(Items listed in a dataset)
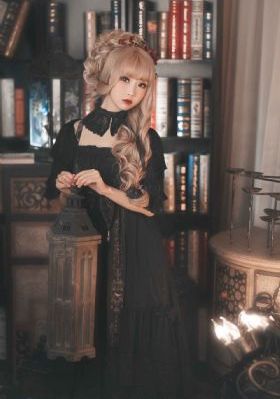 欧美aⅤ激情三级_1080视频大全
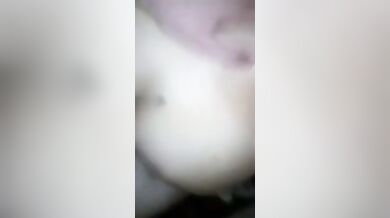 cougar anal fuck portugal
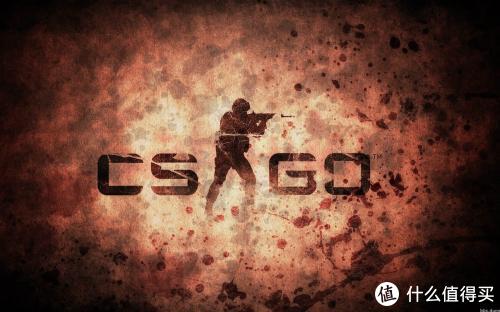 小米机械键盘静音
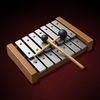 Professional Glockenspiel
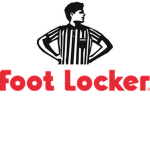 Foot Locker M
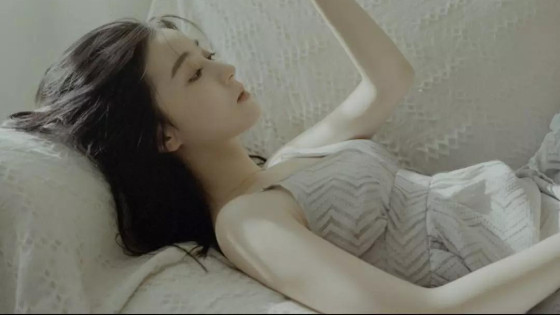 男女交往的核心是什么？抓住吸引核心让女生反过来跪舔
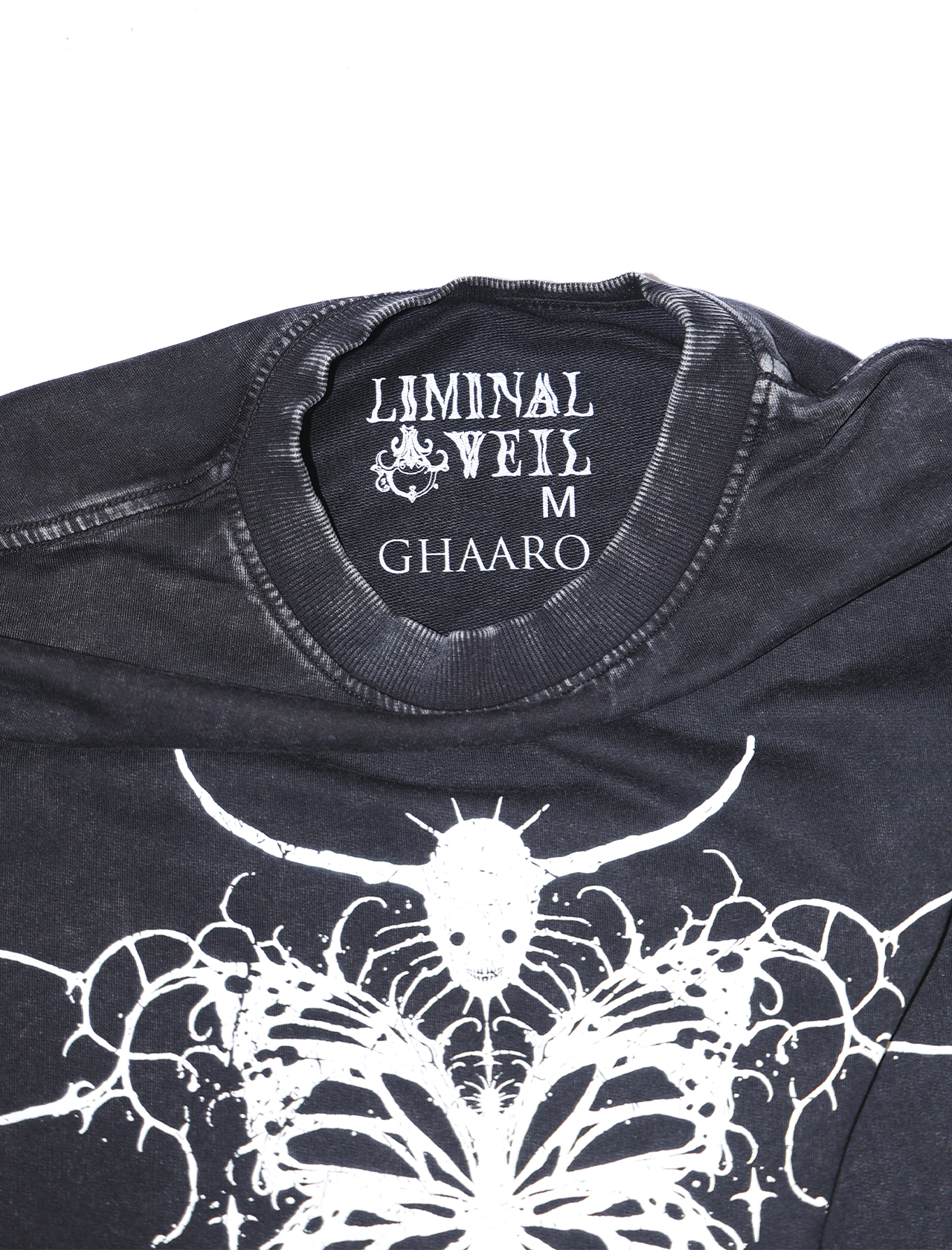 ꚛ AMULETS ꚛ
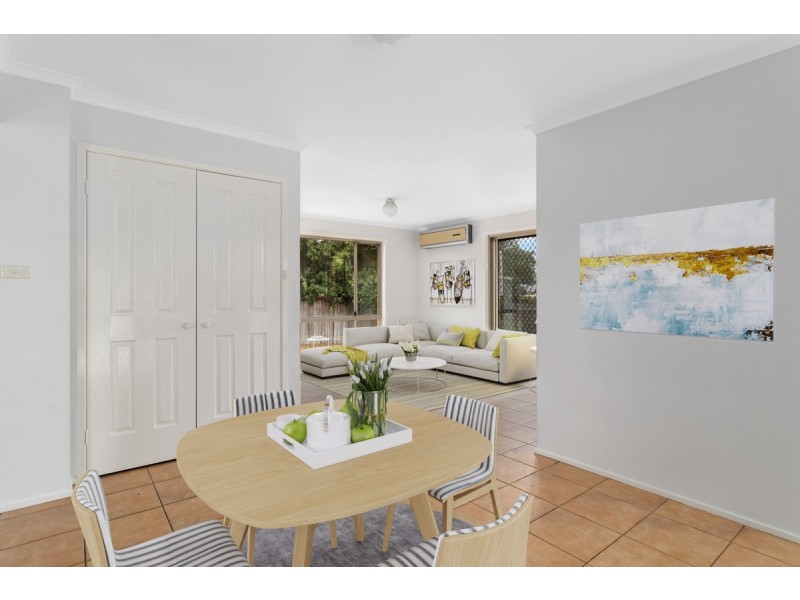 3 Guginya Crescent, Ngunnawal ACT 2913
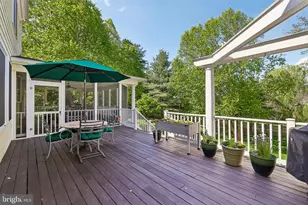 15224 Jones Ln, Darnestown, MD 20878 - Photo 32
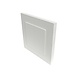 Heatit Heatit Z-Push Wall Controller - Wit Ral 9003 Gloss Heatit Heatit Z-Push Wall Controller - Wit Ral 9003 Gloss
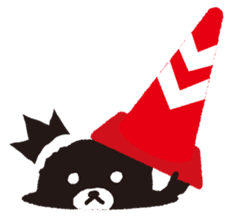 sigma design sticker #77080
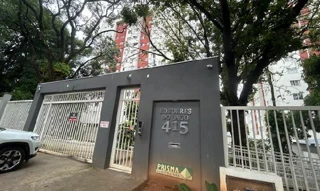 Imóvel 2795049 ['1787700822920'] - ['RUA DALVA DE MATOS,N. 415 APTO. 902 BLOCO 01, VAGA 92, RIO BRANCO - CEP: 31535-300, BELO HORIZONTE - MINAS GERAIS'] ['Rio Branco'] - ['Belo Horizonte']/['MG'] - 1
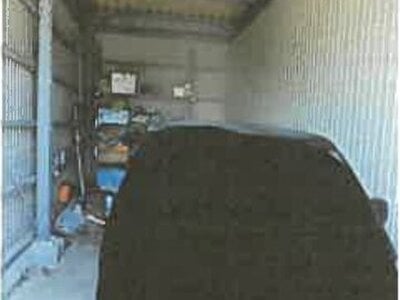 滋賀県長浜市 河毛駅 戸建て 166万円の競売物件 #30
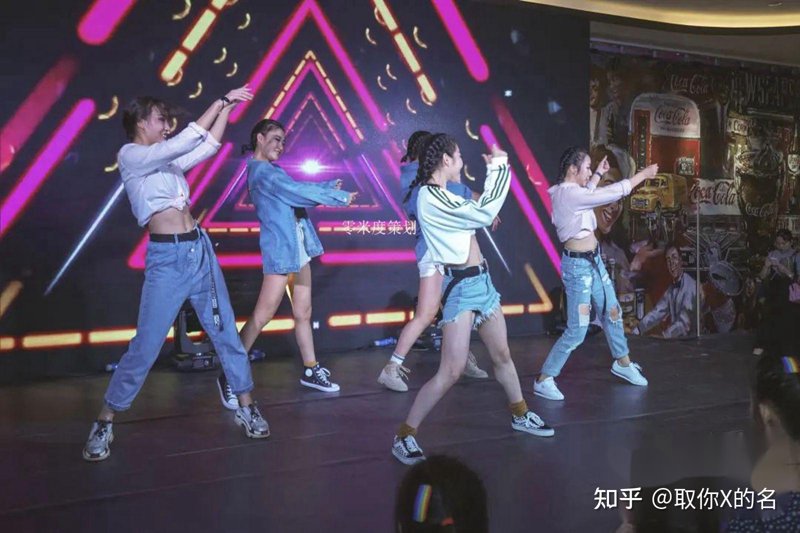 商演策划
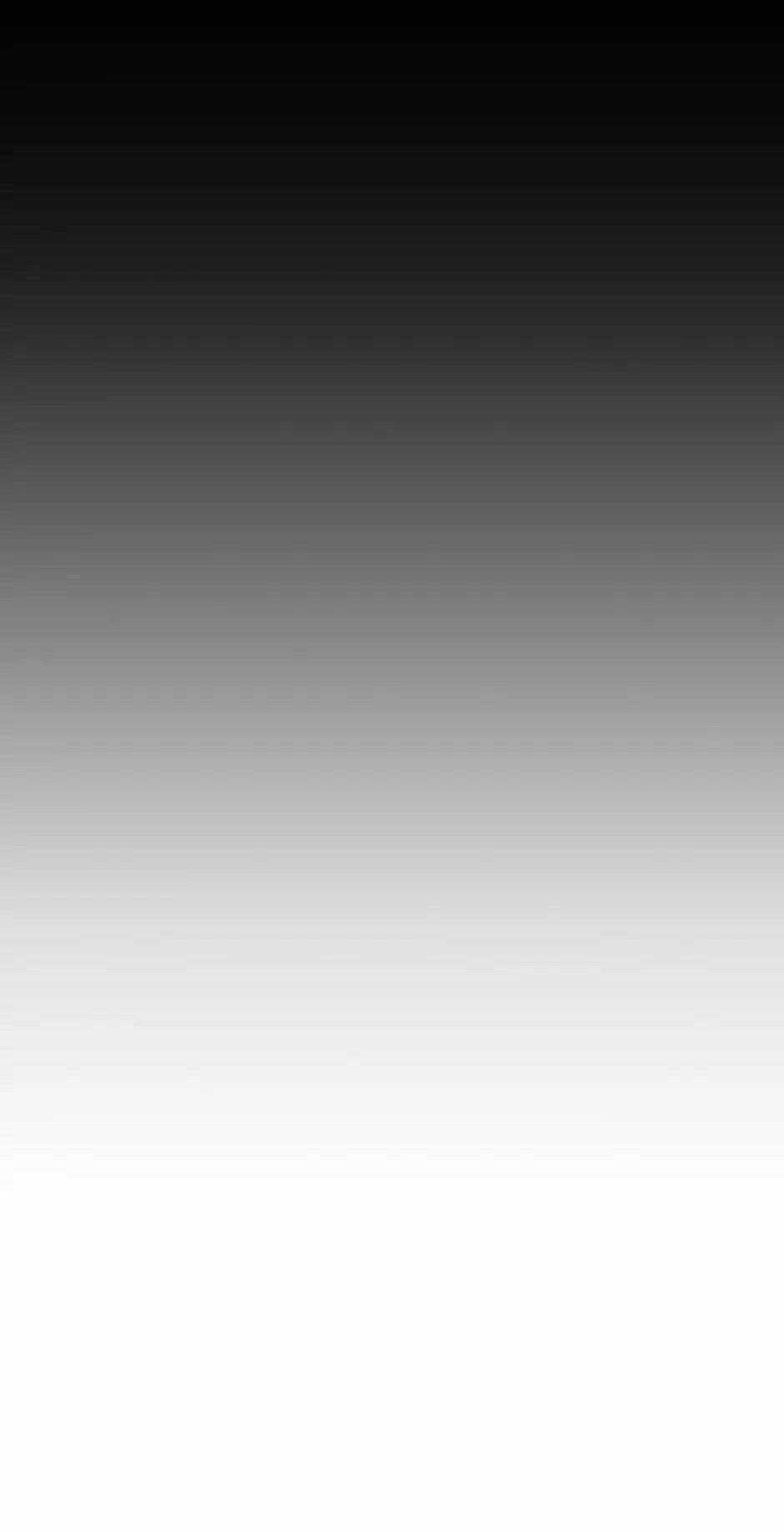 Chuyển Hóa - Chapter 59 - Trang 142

**What to work on**
The answer consists of the lines from the one holding "sigma design sticker #77080" to the end of the records, inclusive, restated exactly and without pictures.

**Output**
 sigma design sticker #77080
 Imóvel 2795049 ['1787700822920'] - ['RUA DALVA DE MATOS,N. 415 APTO. 902 BLOCO 01, VAGA 92, RIO BRANCO - CEP: 31535-300, BELO HORIZONTE - MINAS GERAIS'] ['Rio Branco'] - ['Belo Horizonte']/['MG'] - 1
 滋賀県長浜市 河毛駅 戸建て 166万円の競売物件 #30
 商演策划
 Chuyển Hóa - Chapter 59 - Trang 142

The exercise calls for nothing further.